We flew from Toronto to Edmonton, drove through the splendour of the Rockies, explored Victoria, drove north on Vancouver Island to Campbell River. All interesting, enjoyable and preliminary to the main event - the boat trip! The morning dawned bright and clear, just as all special mornings do - no! no! Actually the morning was rainy and miserable the way special mornings usually are. We had to drive across the island and the Pacific Coast mountains to the town of Gold River - an hour and half drive in grey, drizzle over gravel road most of the way, all the time wondering if the cruise would really leave the dock in weather like this.
We arrived, parked and took shelter in the warehouse before purchasing our tickets in the pouring rain. Some weather for a day long boat cruise - the highlight of my trip! More than once my family asked if I was sure I didn't want to turn back. No way! I was headed to the landing site of Captain James Cook and his ships,, and I was going to walk where he had, even if it was pouring rain and we couldn't see a thing!
We boarded the M.V. Uchuck III, a freighter that makes a regular run up the coast to service logging camps and small settlements that have only this contact with the outside world. The mountains on the west side of Vancouver Island are near impassable. It remained grey and overcast all the way down the Muchalat Arm and out into Nootka Sound. The mountains came right to the water's edge and kept going to make the Arm about 5000 feet deep.

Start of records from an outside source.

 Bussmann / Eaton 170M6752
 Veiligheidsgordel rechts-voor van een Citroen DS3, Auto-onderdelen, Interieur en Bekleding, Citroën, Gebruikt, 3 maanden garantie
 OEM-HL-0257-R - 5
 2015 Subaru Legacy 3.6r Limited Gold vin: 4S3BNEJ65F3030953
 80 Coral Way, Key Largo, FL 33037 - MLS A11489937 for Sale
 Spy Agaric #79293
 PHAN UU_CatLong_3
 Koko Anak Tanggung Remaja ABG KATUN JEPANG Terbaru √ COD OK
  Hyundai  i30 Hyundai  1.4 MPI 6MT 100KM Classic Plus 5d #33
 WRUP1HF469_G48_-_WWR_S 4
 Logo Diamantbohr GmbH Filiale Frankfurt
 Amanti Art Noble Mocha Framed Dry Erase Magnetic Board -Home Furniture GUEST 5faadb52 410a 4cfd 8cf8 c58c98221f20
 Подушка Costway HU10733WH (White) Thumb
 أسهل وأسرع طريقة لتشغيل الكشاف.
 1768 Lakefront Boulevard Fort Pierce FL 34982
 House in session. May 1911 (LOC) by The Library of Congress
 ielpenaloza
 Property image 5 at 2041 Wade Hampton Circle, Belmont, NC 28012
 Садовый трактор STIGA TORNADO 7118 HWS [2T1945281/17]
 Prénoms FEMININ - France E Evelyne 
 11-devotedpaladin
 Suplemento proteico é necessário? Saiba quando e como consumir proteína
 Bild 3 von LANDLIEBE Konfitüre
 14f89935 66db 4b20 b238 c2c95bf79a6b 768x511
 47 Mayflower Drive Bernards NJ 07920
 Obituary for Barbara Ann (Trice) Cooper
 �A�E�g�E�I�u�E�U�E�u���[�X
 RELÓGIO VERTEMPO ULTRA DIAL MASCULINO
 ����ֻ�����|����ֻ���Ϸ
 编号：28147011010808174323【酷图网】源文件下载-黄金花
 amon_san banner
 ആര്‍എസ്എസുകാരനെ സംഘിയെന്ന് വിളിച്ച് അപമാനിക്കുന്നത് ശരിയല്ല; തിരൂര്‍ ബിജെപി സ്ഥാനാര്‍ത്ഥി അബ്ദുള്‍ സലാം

There were very few places that a ship could land on these steep shores. The shoreline of Nootka Sound was much the same.
It was as we were rounding Bligh Island that I received an intimation of a big disappointment ahead. The Captain said that as this was the first cruise of the season with sightseeing passengers that he was not terribly sure of his reception at Friendly Cove, but had the feeling that we would not be permitted to land. He went on to say that the previous year he had a good relation with these Nootka Indians, taking them with him back to civilization and so on, but some of the tourists had peered in the windows of private residences, desecrated the Indian graveyard and generally upset the Indians. Therefore, they had said that no more tourists would be welcome. He tried to radio the lighthouse keeper on the island to find out if he could land, but received no reply. As we drew nearer to the island it was apparent that fishing boats had been placed the length of the Government wharf and there was no room to land.
We were taken in as close as was feasible to the island, It was easy to imagine what-it would have looked like when the Discovery and the Resolution had come looking for a safe harbour to repair the damage to the ships. It is still mainly covered in trees, the tall pines that made such good mast replacements. There is a small clearing at the foot of the hills for the settlement of Friendly Cove - a few houses, Anglican chapel with beautiful stained glass windows, I'm told, and the lighthouse and the keepers' home. Out on the rocks at the south end of the island is a cairn to commemorate Cook's landing. I sure wish I had been able to clamber on the rocks and see it close up. The closest I got was the deck of a turning ship, a few hundred feet out in the Pacific Ocean.
However disappointed I was at not being able to land, I still found it to be a very enjoyable part of our trip to the West Coast.